Several recent blog posts have come to my attention that I want to pass on to readers of this blog because all three make good points and, ultimately justify a pragmatic approach in my opinion. I have summarized them below but recommend that you read them all in their entirety.
Judith Curry argues that the science does not support the claims that climate change in an existential threat. I believe it is safe to say that Cliff Mass is more worried about the threats of climate change but makes the point that there is an active group in the climate debate, “mainly on the political left, that is highly partisan, anxious and often despairing, self-righteous, big on blame and social justice, and willing to attack those that disagree with them” that he believes may in the end do more harm than good. Finally, Larry Kummer offers suggestions that could be implemented today with widespread support from most of society.

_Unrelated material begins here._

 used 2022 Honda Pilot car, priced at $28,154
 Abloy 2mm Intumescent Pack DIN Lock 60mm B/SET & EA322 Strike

Judith Curry writing on her Climate Etc blog posted her response to a reporter’s questions about the current state of climate limits and timelines. The reporter asked about the deadlines (e.g., the 12 years to act) currently in the news. She concluded:
Bottom line is that these timelines are meaningless. While we have confidence in the sign of the temperature change, we have no idea what its magnitude will turn out to be. Apart from uncertainties in emissions and the Earth’s carbon cycle, we are still facing a factor of 3 or more uncertainty in the sensitivity of the Earth’s climate to CO2, and we have no idea how natural climate variability (solar, volcanoes, ocean oscillations) will play out in the 21st century. And even if we did have significant confidence in the amount of global warming, we still don’t have much of a handle on how this will change extreme weather events. With regards to species and ecosystems, land use and exploitation is a far bigger issue.
Cleaner sources of energy have several different threads of justification, but thinking that sending CO2 emissions to zero by 2050 or whenever is going to improve the weather and the environment by 2100 is a pipe dream. If such reductions come at the expense of economic development, then vulnerability to extreme weather events will increase.
There is a reason that the so-called climate change problem has been referred to as a ‘wicked mess.’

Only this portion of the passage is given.